Eddie Murphy is a legend, there’s no doubt about that. His contributions to entertainment through landmark stand-up comedy specials and mainstream movies undeniably changed the world, and the careers of many household names wouldn’t have been possible without the trail he blazed through ‘80s and ‘90s pop culture. But Angus Wall’s sycophantic Netflix feature Being Eddie has no purpose beyond reminding us of this, conveniently in the midst of its subject’s career-rejuvenating multi-million dollar deal with the streamer. It’s a feature-length PR puff piece that, after a while, becomes deeply uncomfortable in its incessant self-congratulatory backslapping.
This, coming just two days after Marines turned out to be a pretty shameless way to drum up Marine Corps enlistment, feels icky. And it’s weirder in this case because Eddie Murphy’s career is deserving of the praise. He’s an icon. But there’s something odd about being told that repeatedly, especially when it’s coming from the icon himself. Being Eddie includes a bunch of talking heads, including Dave Chappelle, Chris Rock, Kevin Hart, and Arsenio Hall, but the person we hear the most from is Eddie Murphy, explaining at length why he’s so important, talented, and special.
He’s right – but do we want to hear it from the horse’s mouth? That said, I’m not sure we want to hear it from his inner circle either. At one point, Chappelle says that if he’s comedy’s LeBron James, Eddie was the Michael Jordan poster on his bedroom wall. It’s a comparison I’d make without reservation, but that’s not the point. It’s eerie to hear someone – anyone – say that about themselves. Comparisons to all-time-great legends aren’t accidental; they’re intended to subliminally reinforce an idea. The whole movie is like that. And in being that way, it neatly sidesteps everything that might be contentious or challenging about Murphy’s career, especially when it’s considered in hindsight. Justifiable criticism of how his early work has aged – especially in the context of Netflix having assured his return to stand-up for the first time since 1987’s Raw – is avoided entirely, and his run of commercial failures is recontextualised as a positive at best or, at worst, as a way to court sympathy, with a fairly big deal being made of David Spade’s famous falling star comment shortly after the release of the woeful Vampire in Brooklyn.

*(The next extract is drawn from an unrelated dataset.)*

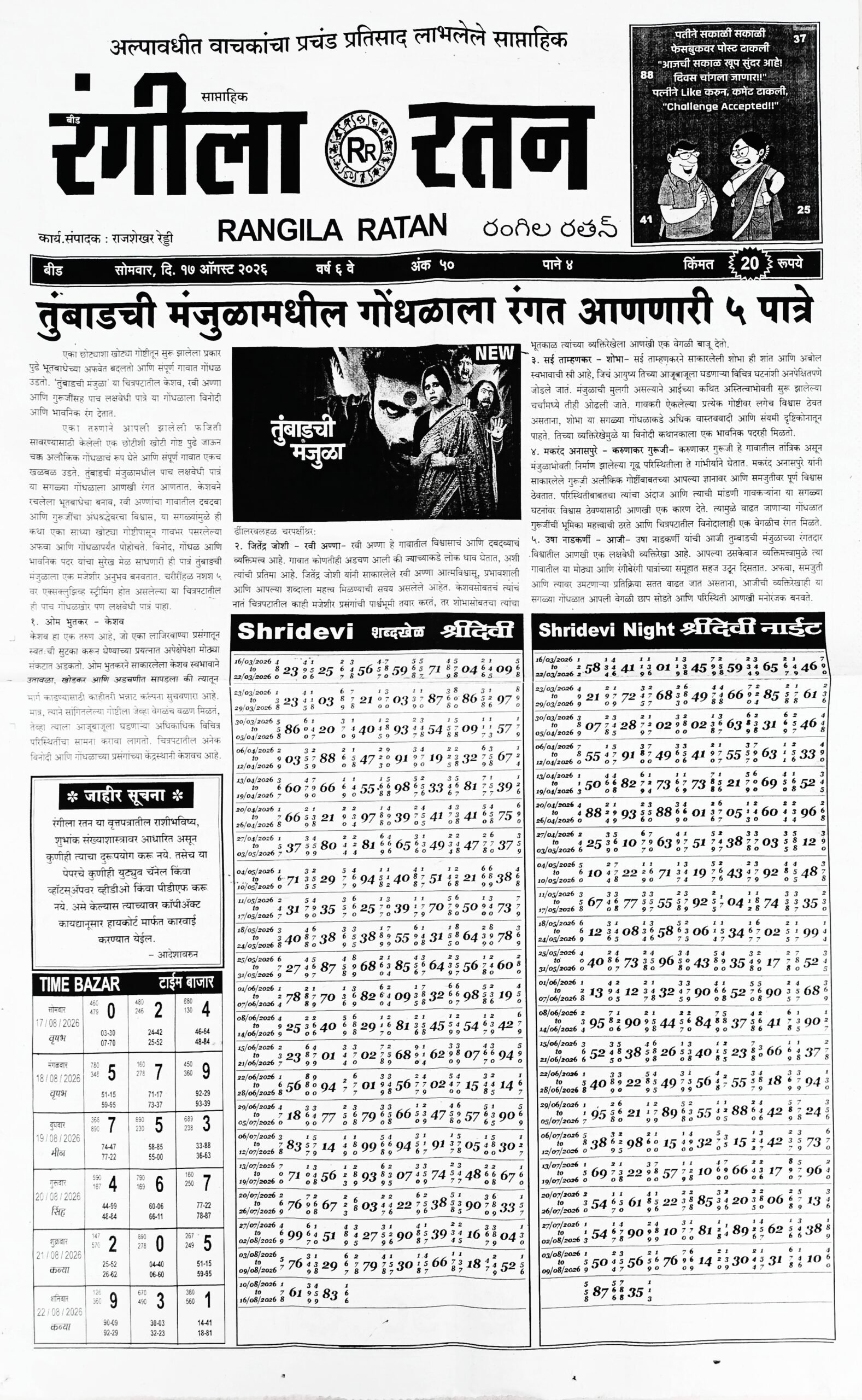 Rangila Ratan Paper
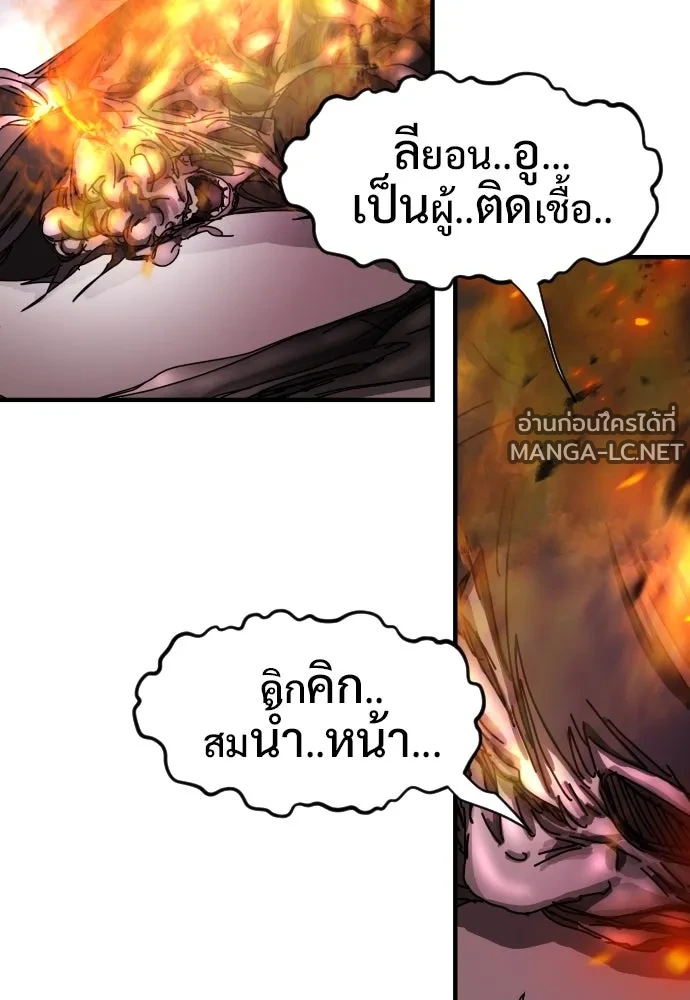 Manga-lc-com อ่านมังงะ อ่านการ์ตูน ออนไลน์ ฟรี วันดีคืนดี โซลก็ ตอนที่ 1 2 3 4 5 6 7 8 9 10 11 12 13 14 ฟรี ไม่มีโฆษณา Manga-lc - อ่าน มังงะ อ่าน การ์ตูน ออนไลน์ อ่านมังงะ ฟรี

Murphy is notoriously private, which annoyingly bleeds into a documentary marketed as a deeply personal tell-all. The contradiction is unavoidable and eventually starts to feel actively disingenuous, especially when illuminating aspects of Murphy’s early life – the hostile relationship between his parents, the murder of his father, a manifestation of OCD as a child that saw him habitually checking the gas had been turned off before going to bed – are brought up but left entirely unexamined. Murphy’s claim that he “forced himself” to stop being mentally ill is left unchallenged. His aversion to smoking, drinking, and taking drugs is mentioned; getting stopped by the police in 1997 with trans sex worker Atisone Seiuli in his car is, predictably, not.

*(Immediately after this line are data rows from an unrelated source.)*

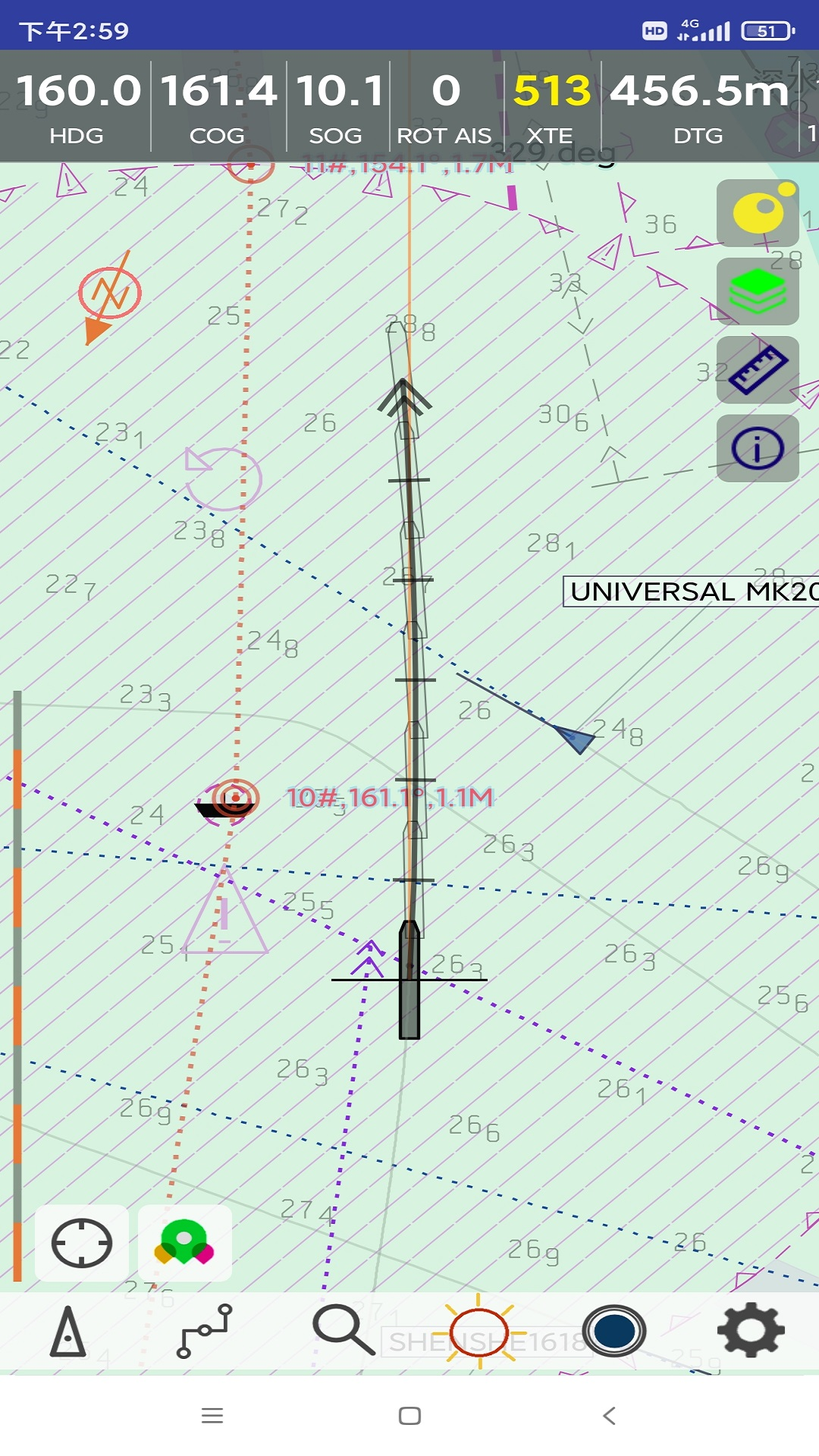 随身引航电脑版截图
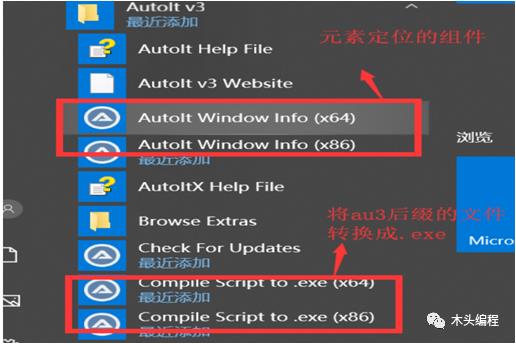 2.2.6 WebDriver API及对象识别技术（二）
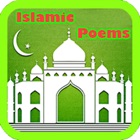 Top 39 Games Apps Like Madani Islamic Rhymes for kids - Best Alternatives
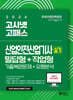 2026 고시넷 산업안전산업기사 실기 기출문제+유형분석 [필답형+작업형]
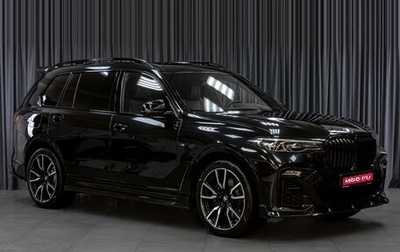 BMW X7, 2019 год, 7 875 000 рублей, 1 фотография
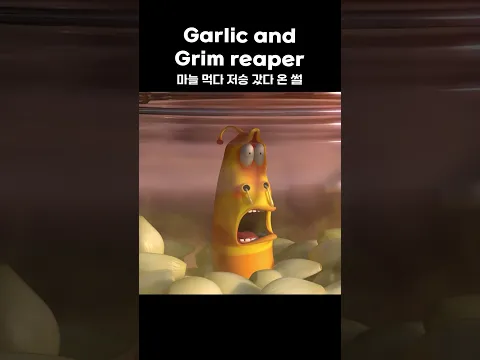 Garlic and Grim reaper #shorts #larva #lardura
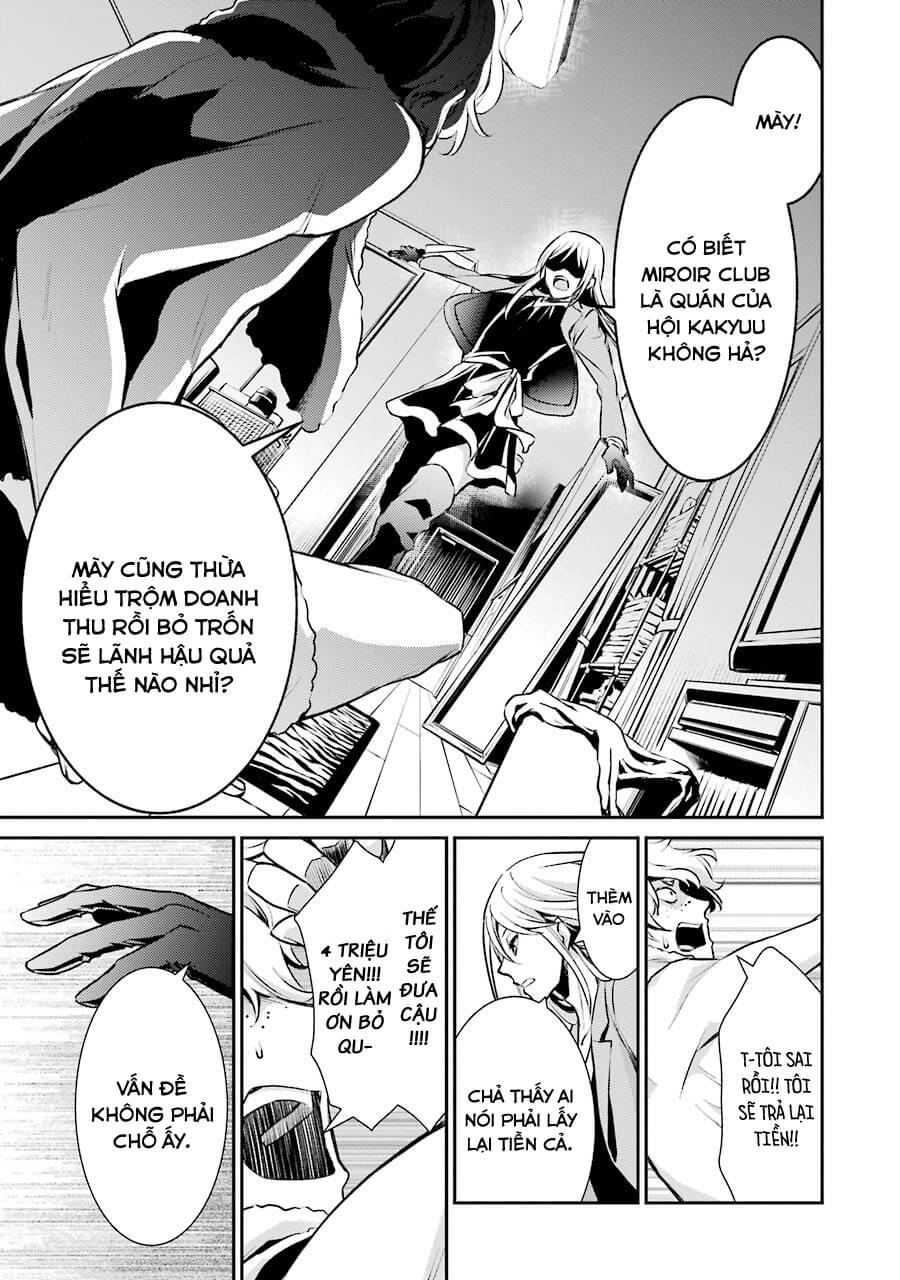 Hakata Tonkotsu Ramens Chapter 1 - 35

You get the idea. And I know what you’re thinking. Why would Eddie Murphy want this kind of thing dragged back to the forefront of the public consciousness when he’s undergoing a career renaissance? He wouldn’t. Which brings us to perhaps the more important question of why Netflix would commission a documentary about him if this is the case. There’s only one answer to that – shameless self-promotion, an extended effort to shape the image of Eddie Murphy into something as saleable now as it was in the ‘80s and ‘90s, with no acknowledgement of how times have changed in the interim. Netflix is, in essence, telling us what to think, hence constant allusions to Murphy’s devotion to being a family man, despite Being Eddie itself sparing much more time for big-ticket names like Chappelle and feeling oddly sterile on the family front. Predictably, there are no mentions of that public paternity scandal either.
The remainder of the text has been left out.